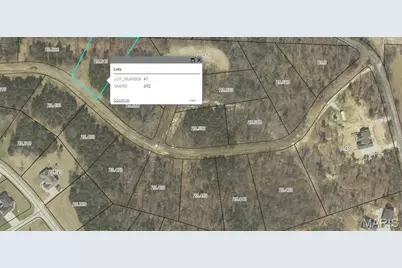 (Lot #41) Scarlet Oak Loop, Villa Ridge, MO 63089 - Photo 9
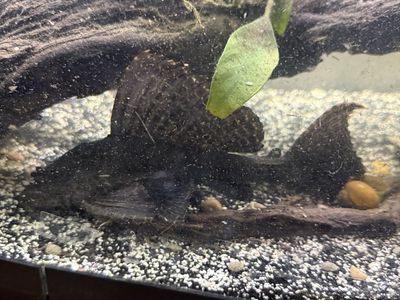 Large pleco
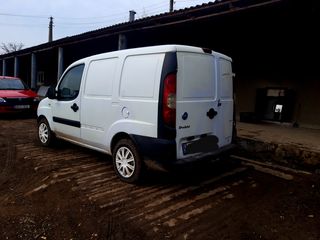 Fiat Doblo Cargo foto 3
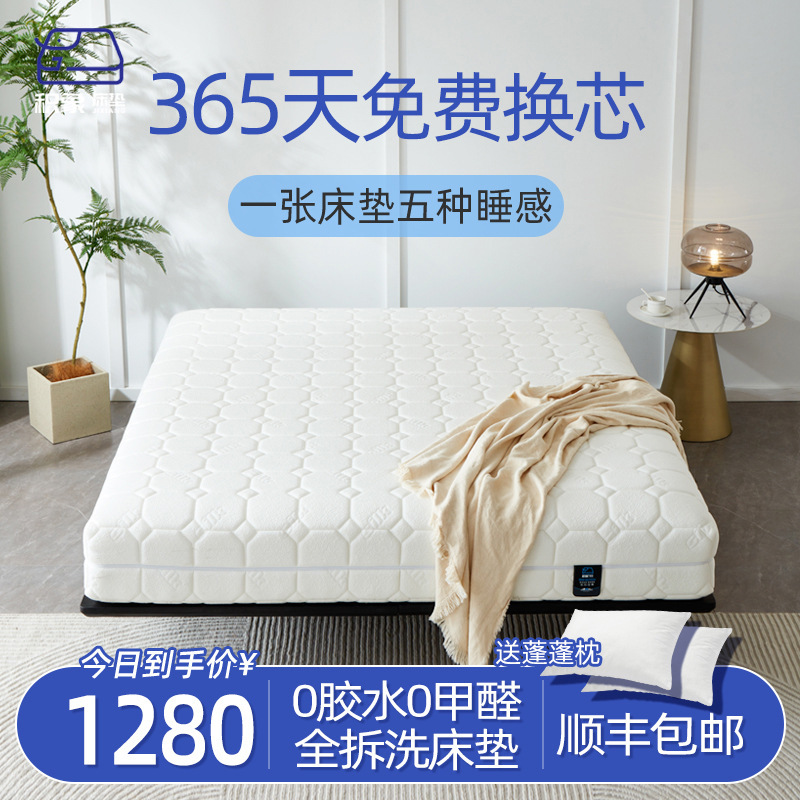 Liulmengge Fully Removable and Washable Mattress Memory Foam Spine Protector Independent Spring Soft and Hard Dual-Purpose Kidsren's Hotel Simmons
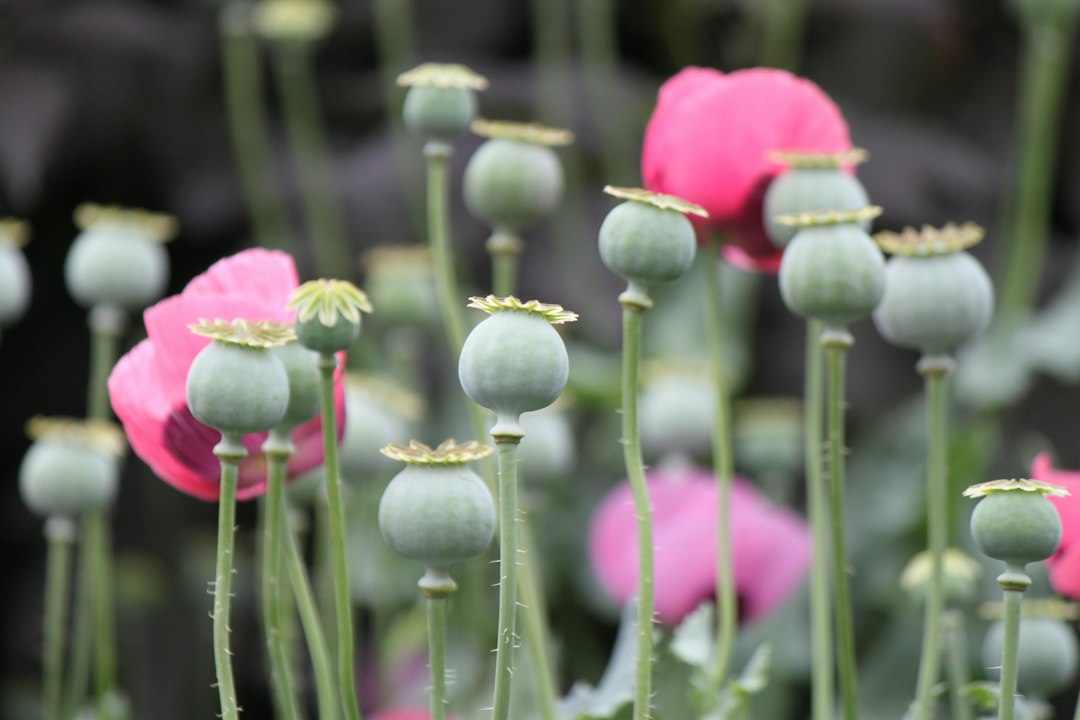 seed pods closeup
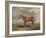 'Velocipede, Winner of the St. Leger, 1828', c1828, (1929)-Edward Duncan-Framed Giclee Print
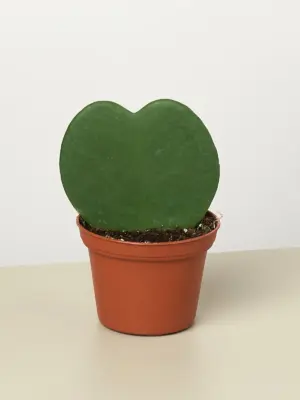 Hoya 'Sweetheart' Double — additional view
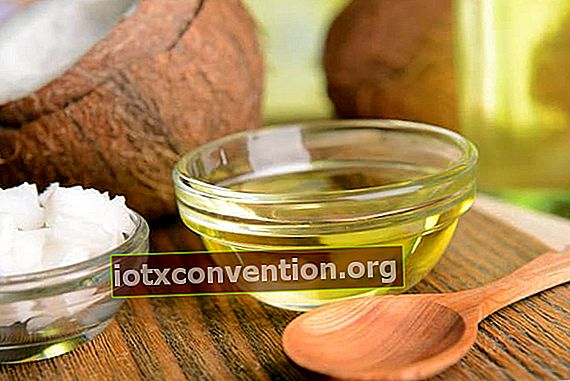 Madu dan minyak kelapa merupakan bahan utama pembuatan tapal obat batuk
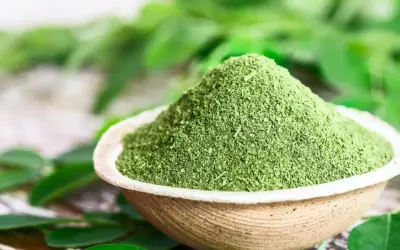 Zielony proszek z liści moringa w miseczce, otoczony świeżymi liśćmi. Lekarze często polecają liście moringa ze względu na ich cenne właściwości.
::::
[What you are asked to do]
Give the listing above again in its entirety and exactly; do not include the pictures.

[Exercise solution]
 (Lot #41) Scarlet Oak Loop, Villa Ridge, MO 63089 - Photo 9
 Large pleco
 Fiat Doblo Cargo foto 3
 Liulmengge Fully Removable and Washable Mattress Memory Foam Spine Protector Independent Spring Soft and Hard Dual-Purpose Kidsren's Hotel Simmons
 seed pods closeup
 'Velocipede, Winner of the St. Leger, 1828', c1828, (1929)-Edward Duncan-Framed Giclee Print
 Hoya 'Sweetheart' Double — additional view
 Madu dan minyak kelapa merupakan bahan utama pembuatan tapal obat batuk
 Zielony proszek z liści moringa w miseczce, otoczony świeżymi liśćmi. Lekarze często polecają liście moringa ze względu na ich cenne właściwości.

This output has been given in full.